### PROBLEM TO SOLVE
Copy the lines below exactly. Start at the first and finish with the line containing "CA4LA】HILDA 3 キャップ".

Brief descriptive captions
==========

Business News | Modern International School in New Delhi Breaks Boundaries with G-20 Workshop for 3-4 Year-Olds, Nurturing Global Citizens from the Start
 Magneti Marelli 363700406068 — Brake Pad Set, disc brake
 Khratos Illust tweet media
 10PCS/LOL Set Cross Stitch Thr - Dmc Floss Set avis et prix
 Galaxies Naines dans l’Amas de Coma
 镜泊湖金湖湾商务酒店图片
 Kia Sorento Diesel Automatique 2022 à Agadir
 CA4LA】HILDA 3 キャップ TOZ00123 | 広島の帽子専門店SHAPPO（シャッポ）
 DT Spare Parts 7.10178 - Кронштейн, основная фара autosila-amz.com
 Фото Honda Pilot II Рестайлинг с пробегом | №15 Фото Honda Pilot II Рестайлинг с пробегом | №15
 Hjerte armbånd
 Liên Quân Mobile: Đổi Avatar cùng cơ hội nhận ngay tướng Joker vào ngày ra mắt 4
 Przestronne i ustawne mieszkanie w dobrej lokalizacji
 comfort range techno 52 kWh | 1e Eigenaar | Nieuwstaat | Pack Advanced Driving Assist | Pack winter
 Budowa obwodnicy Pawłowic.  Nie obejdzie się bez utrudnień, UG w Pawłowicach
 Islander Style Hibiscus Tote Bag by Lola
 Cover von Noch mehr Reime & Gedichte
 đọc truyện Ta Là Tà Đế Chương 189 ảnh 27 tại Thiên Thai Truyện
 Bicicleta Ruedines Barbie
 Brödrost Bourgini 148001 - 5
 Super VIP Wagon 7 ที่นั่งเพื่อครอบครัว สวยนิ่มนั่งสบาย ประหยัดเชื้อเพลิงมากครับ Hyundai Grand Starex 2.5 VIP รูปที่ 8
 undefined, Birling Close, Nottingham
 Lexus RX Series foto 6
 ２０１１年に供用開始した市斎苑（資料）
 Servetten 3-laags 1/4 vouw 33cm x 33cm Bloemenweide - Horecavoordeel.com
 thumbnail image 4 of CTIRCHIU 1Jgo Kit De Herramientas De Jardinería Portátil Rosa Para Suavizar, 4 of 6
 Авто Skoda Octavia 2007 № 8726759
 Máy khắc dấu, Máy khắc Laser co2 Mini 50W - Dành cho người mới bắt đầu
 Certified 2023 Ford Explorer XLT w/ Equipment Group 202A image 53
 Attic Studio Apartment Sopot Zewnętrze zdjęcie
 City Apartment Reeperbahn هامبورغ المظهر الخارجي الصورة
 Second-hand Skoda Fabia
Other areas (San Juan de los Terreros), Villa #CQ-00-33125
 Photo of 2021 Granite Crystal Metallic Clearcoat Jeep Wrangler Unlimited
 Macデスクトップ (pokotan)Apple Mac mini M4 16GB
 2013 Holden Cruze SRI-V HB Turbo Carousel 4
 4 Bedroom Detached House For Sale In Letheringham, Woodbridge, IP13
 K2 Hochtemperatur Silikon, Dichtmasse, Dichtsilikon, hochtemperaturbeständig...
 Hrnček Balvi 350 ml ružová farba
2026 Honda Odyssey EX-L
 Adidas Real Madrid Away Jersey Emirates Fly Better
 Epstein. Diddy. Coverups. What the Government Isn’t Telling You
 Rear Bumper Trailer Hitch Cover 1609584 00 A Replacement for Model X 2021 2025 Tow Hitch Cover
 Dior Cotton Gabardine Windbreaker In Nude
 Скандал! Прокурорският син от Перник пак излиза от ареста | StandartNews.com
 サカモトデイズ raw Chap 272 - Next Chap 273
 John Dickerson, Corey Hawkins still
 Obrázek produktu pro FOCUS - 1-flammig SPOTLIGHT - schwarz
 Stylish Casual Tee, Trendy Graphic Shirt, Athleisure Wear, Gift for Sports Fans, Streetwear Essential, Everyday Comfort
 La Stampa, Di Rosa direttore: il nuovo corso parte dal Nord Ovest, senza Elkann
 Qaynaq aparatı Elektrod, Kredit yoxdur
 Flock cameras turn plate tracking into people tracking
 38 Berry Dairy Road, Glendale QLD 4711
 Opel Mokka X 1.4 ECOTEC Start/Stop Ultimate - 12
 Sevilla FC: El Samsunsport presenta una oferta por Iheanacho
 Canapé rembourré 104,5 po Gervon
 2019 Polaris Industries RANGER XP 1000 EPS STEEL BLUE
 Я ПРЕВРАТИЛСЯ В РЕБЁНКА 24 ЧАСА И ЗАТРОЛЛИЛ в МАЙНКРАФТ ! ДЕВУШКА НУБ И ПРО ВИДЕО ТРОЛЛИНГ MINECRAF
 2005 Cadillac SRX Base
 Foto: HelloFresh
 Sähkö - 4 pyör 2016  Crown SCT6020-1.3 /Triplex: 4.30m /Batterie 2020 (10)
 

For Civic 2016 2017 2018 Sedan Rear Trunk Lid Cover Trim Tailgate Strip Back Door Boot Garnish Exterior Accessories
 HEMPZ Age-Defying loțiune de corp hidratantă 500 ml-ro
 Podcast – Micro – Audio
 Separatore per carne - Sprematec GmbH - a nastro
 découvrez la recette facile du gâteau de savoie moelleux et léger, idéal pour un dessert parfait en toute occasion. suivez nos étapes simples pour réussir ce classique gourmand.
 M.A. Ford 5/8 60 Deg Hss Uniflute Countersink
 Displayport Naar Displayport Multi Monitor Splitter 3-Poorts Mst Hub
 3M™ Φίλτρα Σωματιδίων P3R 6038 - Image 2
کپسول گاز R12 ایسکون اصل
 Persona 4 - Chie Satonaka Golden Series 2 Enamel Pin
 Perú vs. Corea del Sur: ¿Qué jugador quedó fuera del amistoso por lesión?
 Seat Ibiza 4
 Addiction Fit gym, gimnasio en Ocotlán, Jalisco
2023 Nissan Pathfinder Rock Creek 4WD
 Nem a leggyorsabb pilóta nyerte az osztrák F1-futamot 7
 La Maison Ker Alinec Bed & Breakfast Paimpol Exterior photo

==========

### TASK RESULT
Business News | Modern International School in New Delhi Breaks Boundaries with G-20 Workshop for 3-4 Year-Olds, Nurturing Global Citizens from the Start
 Magneti Marelli 363700406068 — Brake Pad Set, disc brake
 Khratos Illust tweet media
 10PCS/LOL Set Cross Stitch Thr - Dmc Floss Set avis et prix
 Galaxies Naines dans l’Amas de Coma
 镜泊湖金湖湾商务酒店图片
 Kia Sorento Diesel Automatique 2022 à Agadir
 CA4LA】HILDA 3 キャップ TOZ00123 | 広島の帽子専門店SHAPPO（シャッポ）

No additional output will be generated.